Partitions piano avancé

51 partitions de piano gratuites du domaine public

Le grand répertoire classique au sens plein : sonates pleines, études transcendantes, ballades, fugues complexes, scherzos de virtuoses. À ce stade, la technique est censée être un outil maîtrisé ; le défi est ailleurs — tenir une œuvre de 20 minutes, faire émerger sa structure, choisir ses interprétations de référence. Ces partitions appartiennent au domaine public, mais leur exécution reste une affaire de vie entière.

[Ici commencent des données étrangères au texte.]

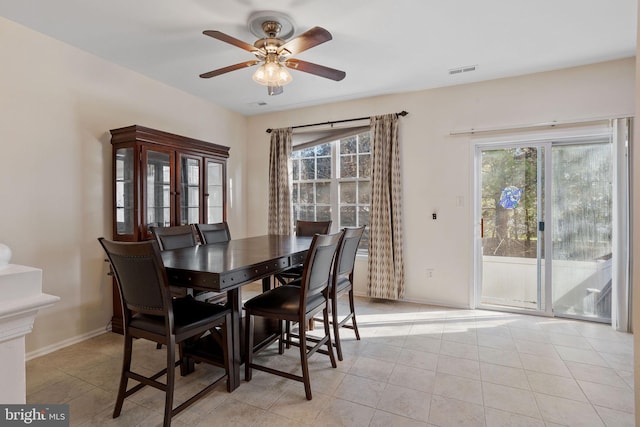 dining room with light tile patterned floors, baseboards, visible vents, and ceiling fan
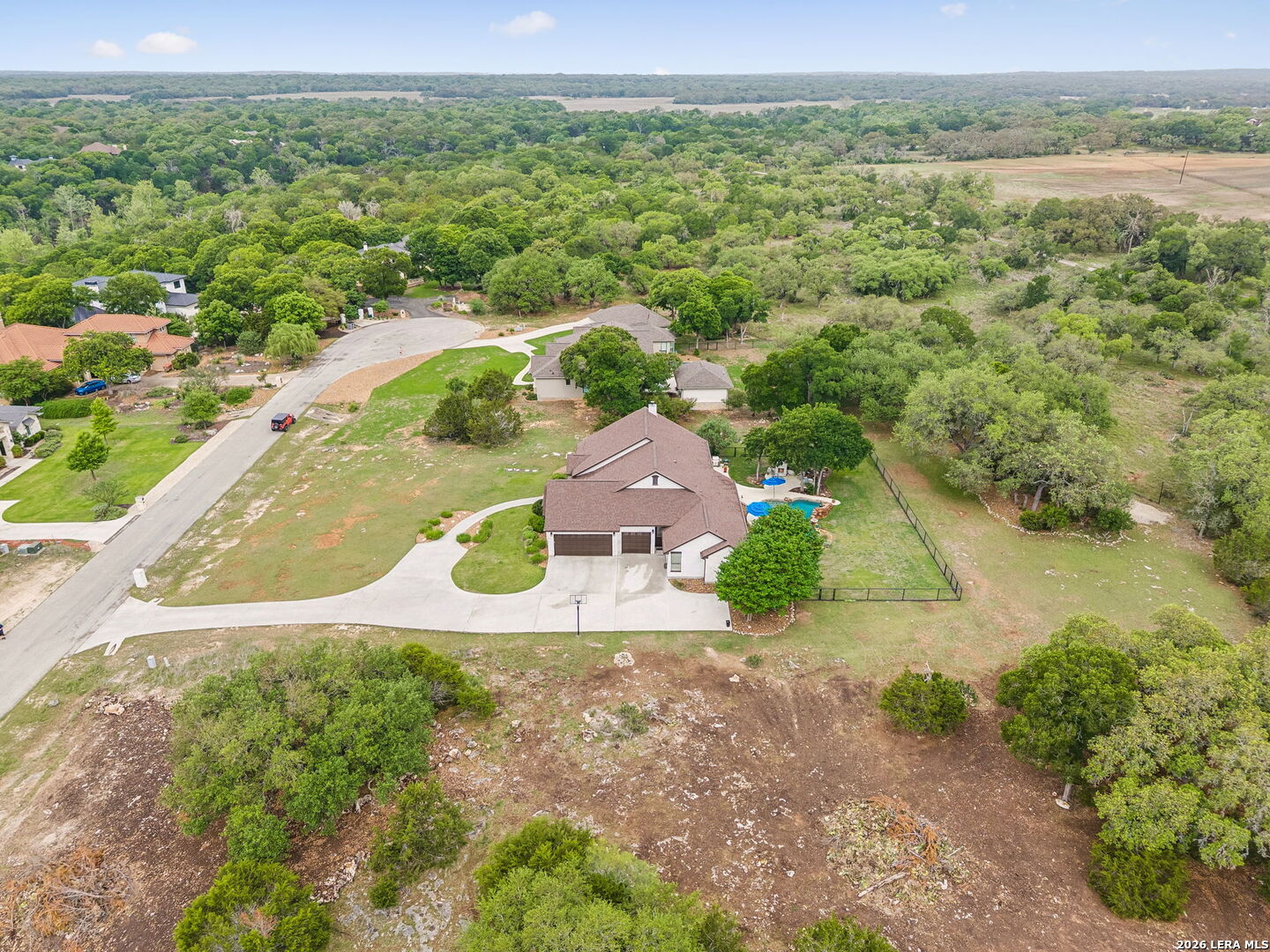 1330 Palmetto Point Spring Branch, TX 78070 - Photo 38 of 43 an aerial view of residential houses with outdoor space and trees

Prélude Op. 28 No. 18 en fa mineur

Frédéric Chopin

Le Prélude Op. 28 No. 18 en fa mineur appartient au célèbre cycle des 24 Préludes de Chopin (1839), composés à Majorque pendant son séjour avec George Sand. Chacun des 24 préludes est dans une tonalité différente (cycle des quintes alternant majeur/mineur), à l'image du Clavier bien tempéré de Bach que Chopin admirait passionnément. Caractère Pièce concise mais d'une intensité expressive caractéristique de Chopin. Le ton de fa mineur colore l'atmosphère — chaque prélude est un monde en miniature, à la fois indépendant et lié au cycle complet. Place dans le cycle Les 24 préludes forment un monument pianistique unique : moments fugaces, miniatures aphoristiques, fragments lyriques ou dramatiques. Schumann disait qu'on y trouvait « la tempête, la mort, des fragments d'aigle ». À jouer isolément ou — idéalement — en cycle complet.

2 pages

Prélude Op. 28 No. 19 en Mi bémol majeur

Frédéric Chopin

Le Prélude Op. 28 No. 19 en Mi bémol majeur appartient au célèbre cycle des 24 Préludes de Chopin (1839), composés à Majorque pendant son séjour avec George Sand. Chacun des 24 préludes est dans une tonalité différente (cycle des quintes alternant majeur/mineur), à l'image du Clavier bien tempéré de Bach que Chopin admirait passionnément. Caractère Pièce concise mais d'une intensité expressive caractéristique de Chopin. Le ton de Mi bémol majeur colore l'atmosphère — chaque prélude est un monde en miniature, à la fois indépendant et lié au cycle complet. Place dans le cycle Les 24 préludes forment un monument pianistique unique : moments fugaces, miniatures aphoristiques, fragments lyriques ou dramatiques. Schumann disait qu'on y trouvait « la tempête, la mort, des fragments d'aigle ». À jouer isolément ou — idéalement — en cycle complet.

2 pages

Prélude Op. 28 No. 24 en ré mineur

Frédéric Chopin

Le Prélude Op. 28 No. 24 en ré mineur appartient au célèbre cycle des 24 Préludes de Chopin (1839), composés à Majorque pendant son séjour avec George Sand. Chacun des 24 préludes est dans une tonalité différente (cycle des quintes alternant majeur/mineur), à l'image du Clavier bien tempéré de Bach que Chopin admirait passionnément. Caractère Pièce concise mais d'une intensité expressive caractéristique de Chopin. Le ton de ré mineur colore l'atmosphère — chaque prélude est un monde en miniature, à la fois indépendant et lié au cycle complet. Place dans le cycle Les 24 préludes forment un monument pianistique unique : moments fugaces, miniatures aphoristiques, fragments lyriques ou dramatiques. Schumann disait qu'on y trouvait « la tempête, la mort, des fragments d'aigle ». À jouer isolément ou — idéalement — en cycle complet.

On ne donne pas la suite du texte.